YOUR INSTRUCTIONS → Transcribe the listing below only from the line with "Фото отеля Nest" up to and including the line with "MARTINELIA SUPER GIRL".

SOURCE INFORMATION →
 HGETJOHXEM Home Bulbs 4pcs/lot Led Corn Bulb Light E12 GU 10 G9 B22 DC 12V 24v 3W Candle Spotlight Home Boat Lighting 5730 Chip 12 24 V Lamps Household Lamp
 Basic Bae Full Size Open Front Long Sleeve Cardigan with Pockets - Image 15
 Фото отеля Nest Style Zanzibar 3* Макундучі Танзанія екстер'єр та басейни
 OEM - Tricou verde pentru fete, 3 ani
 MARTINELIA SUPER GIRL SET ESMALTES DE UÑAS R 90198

---

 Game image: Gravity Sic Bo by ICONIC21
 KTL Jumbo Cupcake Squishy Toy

--

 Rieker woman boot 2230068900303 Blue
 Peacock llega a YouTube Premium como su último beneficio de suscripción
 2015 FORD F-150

WORKED SOLUTION →
 Фото отеля Nest Style Zanzibar 3* Макундучі Танзанія екстер'єр та басейни
 OEM - Tricou verde pentru fete, 3 ani
 MARTINELIA SUPER GIRL SET ESMALTES DE UÑAS R 90198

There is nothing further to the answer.